Identifying ways to meaningfully disseminate evidence-based menopause management recommendations to medical trainees and practicing clinicians is critical to closing the gap in menopause care.
Juliana M. Kling, M.D. M.P.H., NCMP, IF, FACP
Women’s Health Internal Medicine, Mayo Clinic; Lead for Women’s Health in Menopause, American Medical Women’s Association
In the United States, more than a million women experience menopause each year. Menopausal symptoms are common, with more than 75% of women reporting hot flashes and night sweats. Direct and indirect healthcare costs associated with untreated symptoms are estimated at nearly 400 billion dollars annually, not including negative effects on work productivity and overall quality of life.

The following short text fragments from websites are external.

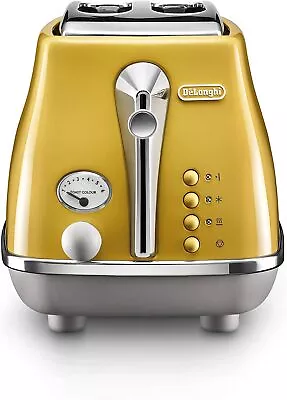 Delonghi Icona Capitals 2 Slice Toaster 900 W New York Yellow CTOC2003Y • $115.50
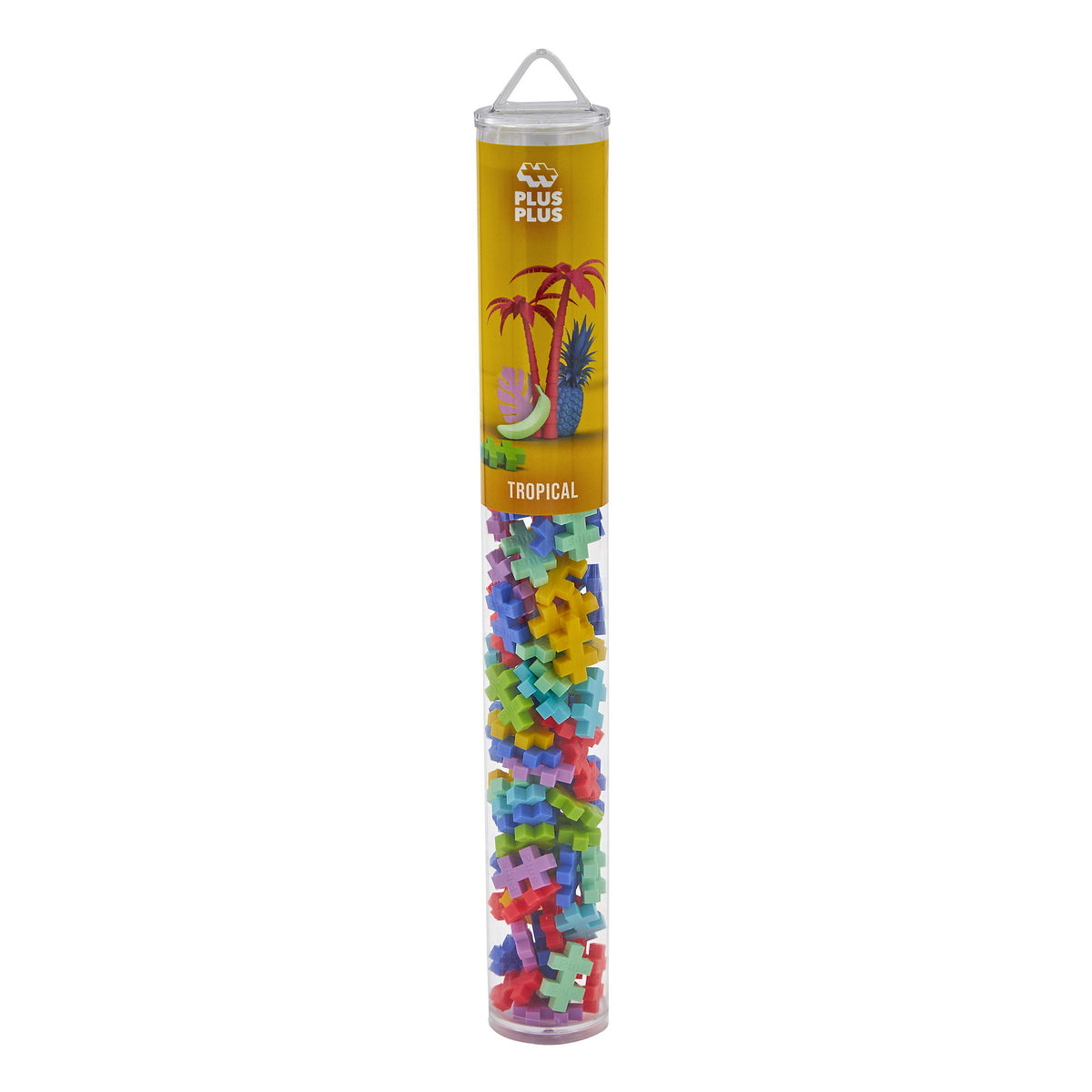 Plus Plus Tube 100 stk. Tropical Mix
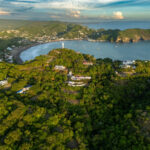 Aerial over San Juan del Sur Bay near the Pacific Marlin Estate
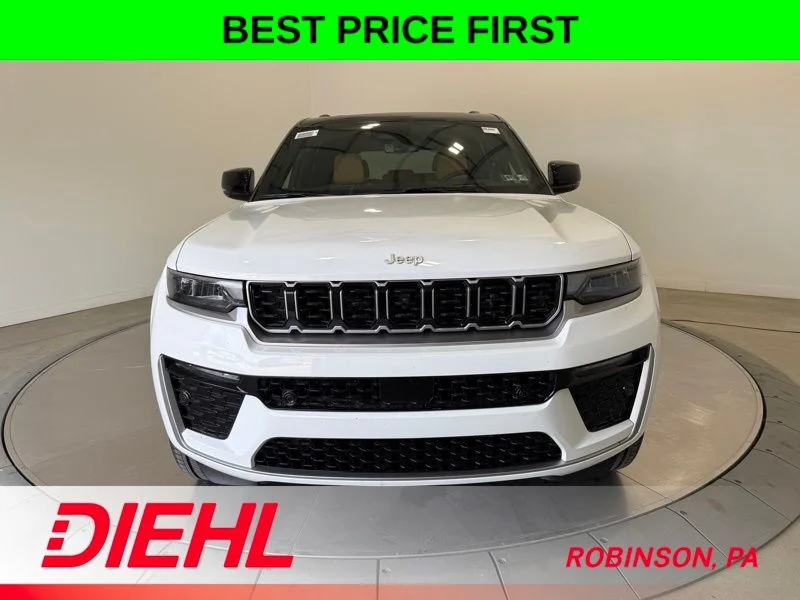 New 2026 Bright White Clear-Coat Exterior Paint Jeep Summit image 2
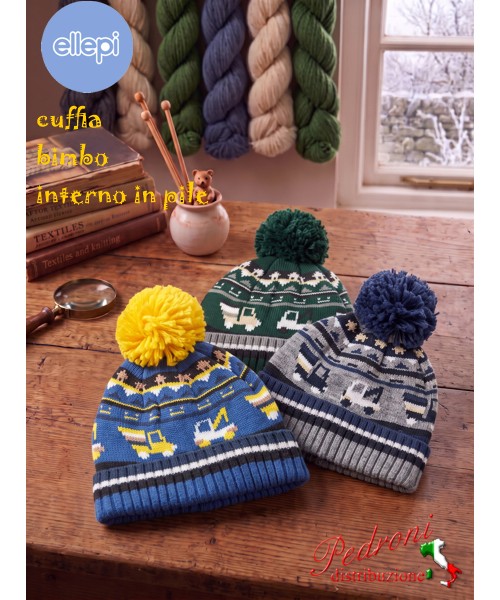 * ELLEPI * Cuffia bambino BH7944 in 3 Colori...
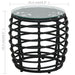 Set mobilier de bistro, 3 piese, negru, poliratan - WALTI WALTI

Despite these impacts, most symptomatic women go untreated. Studies have shown that doctors in training across specialties may not be well- educated or feel prepared to diagnose and manage menopausal symptoms. Given the
staggering number of symptomatic menopausal women and the negative impact menopause can have, it is important for clinicians responsible for the care of women to engage in menopause and management.
Impact and effects
Menopause, defined as 12 months past the final menstrual cycle, is an experience all women who live to their 50s will experience. The average age of menopause in the U.S. is 51 years. Hot flashes and night sweats, known as vasomotor symptoms (VMS), are some of the most reported symptoms. Other symptoms include joint pain, sleep disturbances, cognitive fog, mood changes, and sexual dysfunction. Menopausal hormone therapy (HT) is the most
effective treatment for VMS.
A 2022 position statement from the North American Menopause Society supports consideration of HT for treatment of symptomatic women less than age 60 or within 10 years from the final menstrual cycle without contraindications such as breast cancer, heart disease, or liver disease. Women with contraindications may seek nonhormonal options to treat quality of life impacting symptoms.
Identifying ways to meaningfully disseminate evidence-based menopause care management recommendations to medical trainees and practicing clinicians is critical to closing the gap in menopause care. The American Medical Women’s Association has developed the program “Check in on Menopause” to educate physicians and encourage conversations about menopause.
This telehealth model of care addressing the needs of perimenopausal and postmenopausal patients is one tool that could help close this gap. As the number of symptomatic menopausal women increases, we will need to ensure that adequate numbers of trained clinicians are prepared to provide menopause care to women in midlife.